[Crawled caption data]
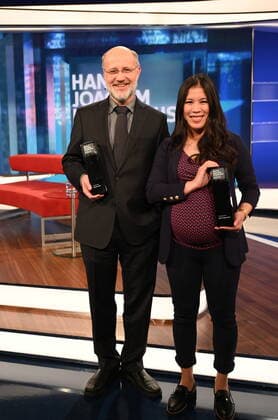 The journalists and award winners Harald Lesch, l r, Mai Thi Nguyen Kim pose at the award ceremony of the Hanns Joachim Friedrichs Preis für Fernsehjournalismus 2019 on 14 11 2019 in Cologne The prize is awarded once a year to television journalists who have achieved outstanding results in their work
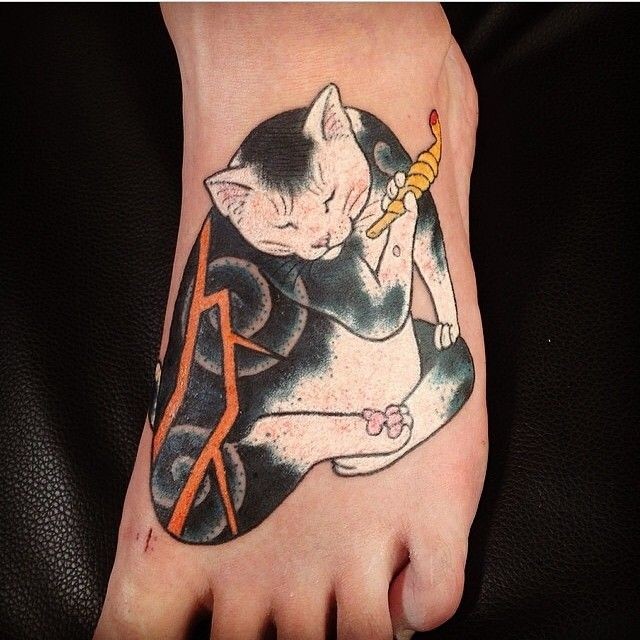 Cartoon like colored foot tattoo of Manmon cat with smoking pipe
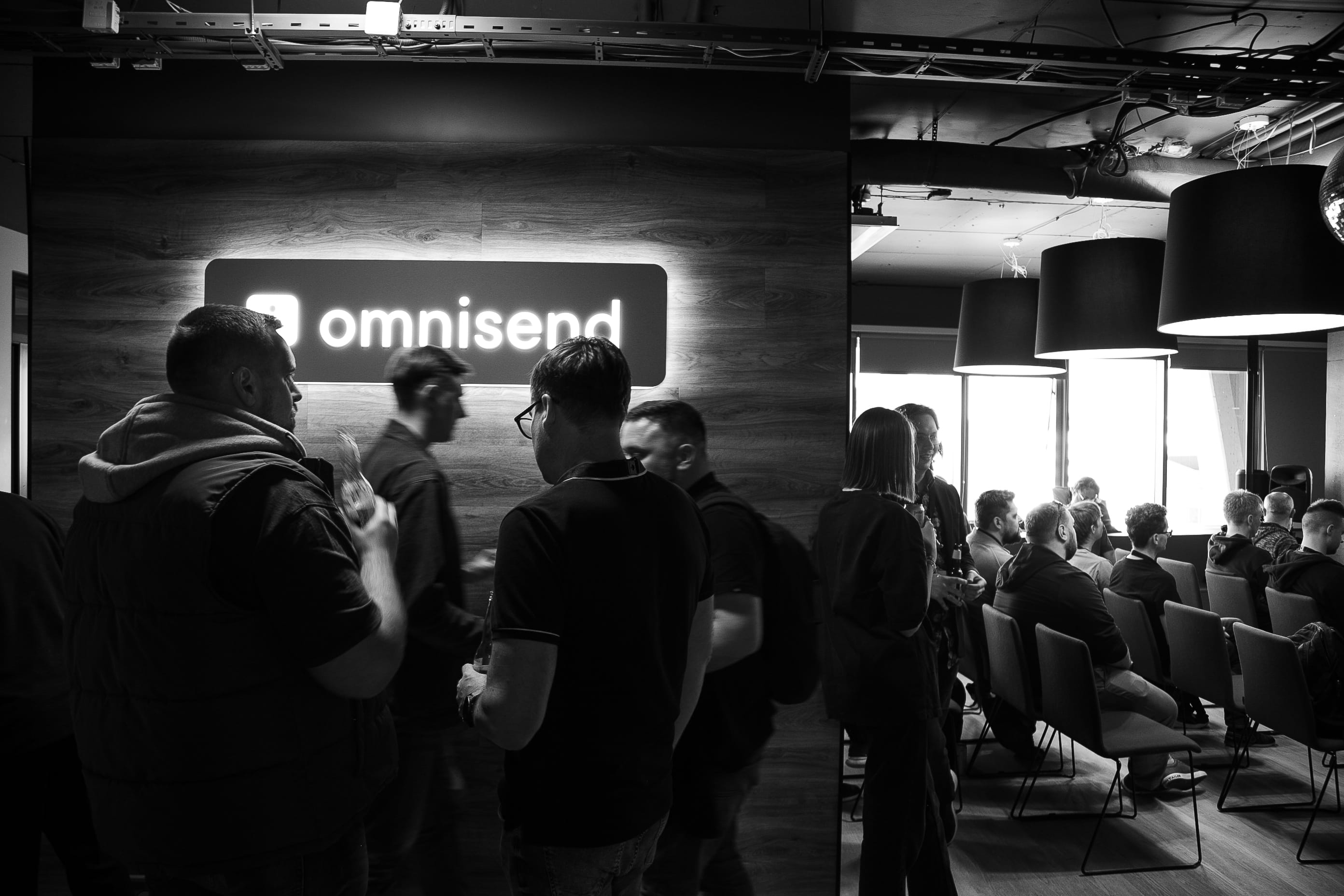 People gathered in an Omnisend office space for a company event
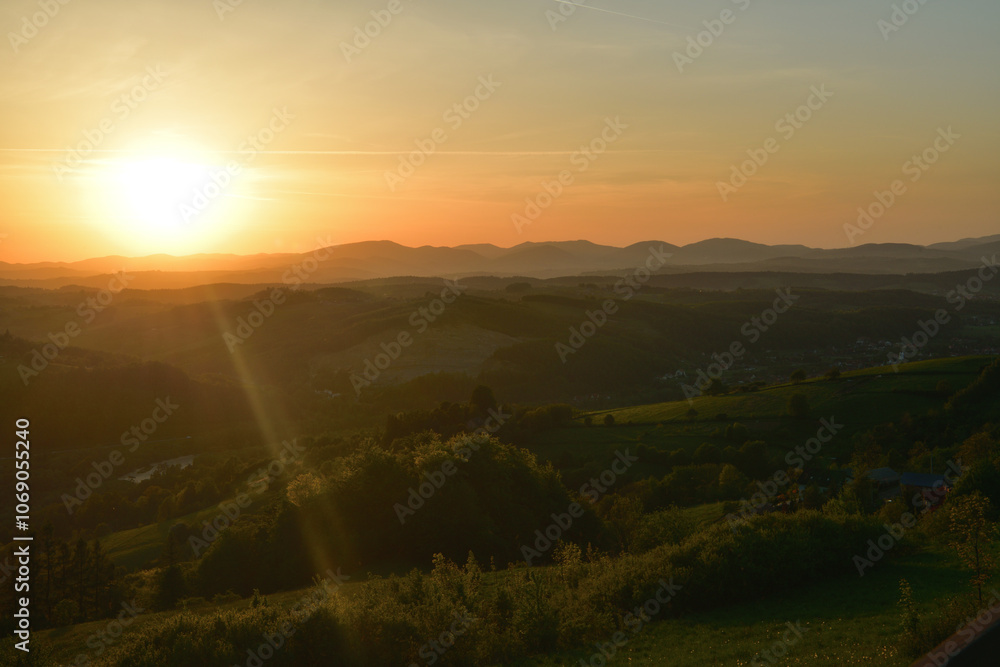 The sunset and its rays dazzle the green forests and meadows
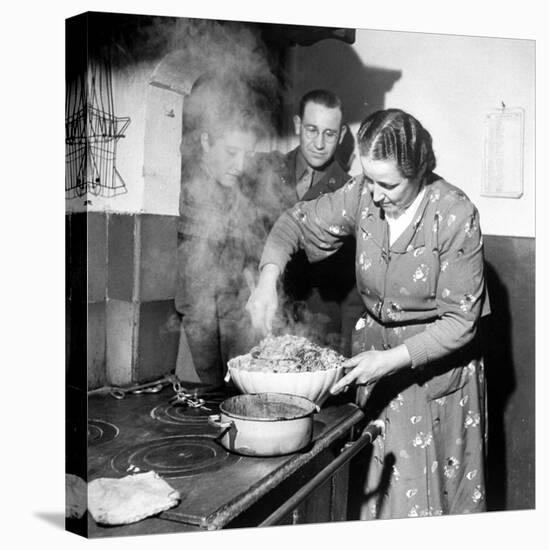 Signora Socci Cooking Spaghetti Dinner for American Sergeant Alexander before He Leaves-John Phillips-Stretched Canvas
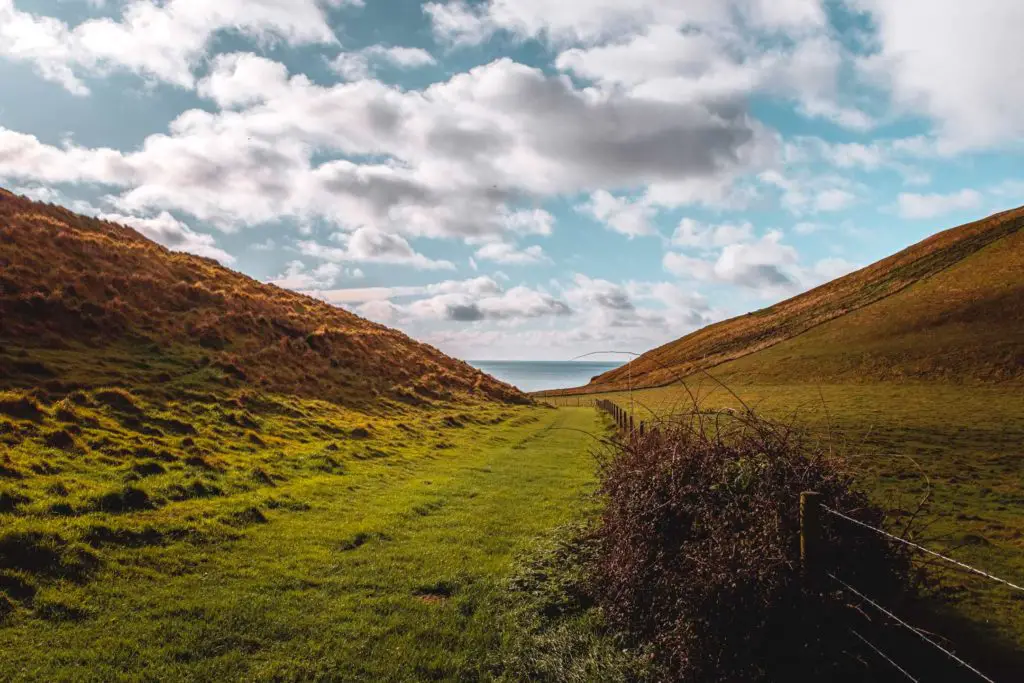 Looking through the grassy valley with a glimpse of the sea at the end.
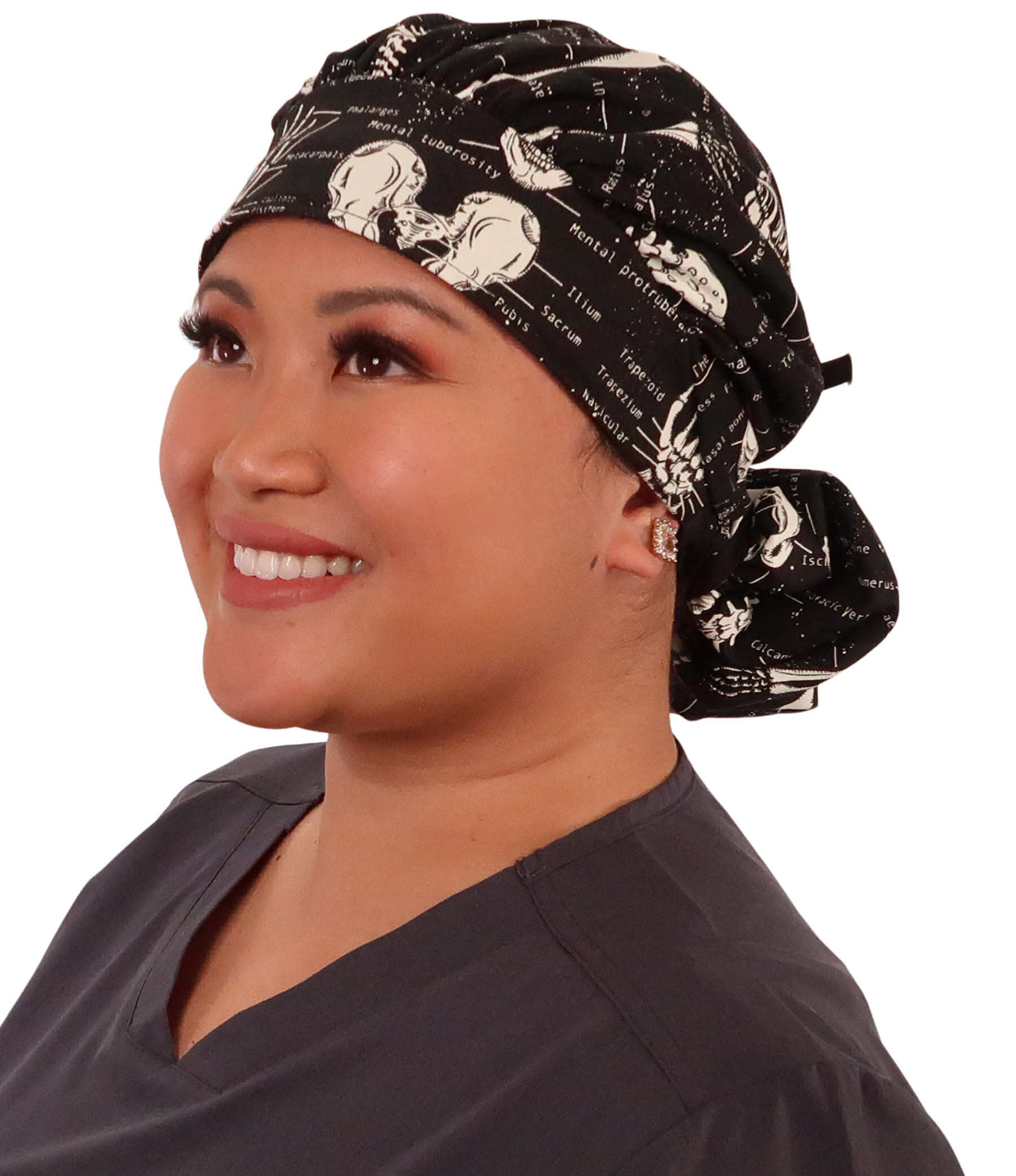 Front Facing Tied View of a Woman Wearing a Tied Back Banded Bouffant Ponytail Surgical Scrub Cap - Human Body Skeletons Patterned Fabric with Black Ties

→ **Exercise directions**
Set the entries down exactly, but not the pictures.

→ **Reply to the exercise**
 The journalists and award winners Harald Lesch, l r, Mai Thi Nguyen Kim pose at the award ceremony of the Hanns Joachim Friedrichs Preis für Fernsehjournalismus 2019 on 14 11 2019 in Cologne The prize is awarded once a year to television journalists who have achieved outstanding results in their work
 Cartoon like colored foot tattoo of Manmon cat with smoking pipe
 People gathered in an Omnisend office space for a company event
 The sunset and its rays dazzle the green forests and meadows
 Signora Socci Cooking Spaghetti Dinner for American Sergeant Alexander before He Leaves-John Phillips-Stretched Canvas
 Looking through the grassy valley with a glimpse of the sea at the end.
 Front Facing Tied View of a Woman Wearing a Tied Back Banded Bouffant Ponytail Surgical Scrub Cap - Human Body Skeletons Patterned Fabric with Black Ties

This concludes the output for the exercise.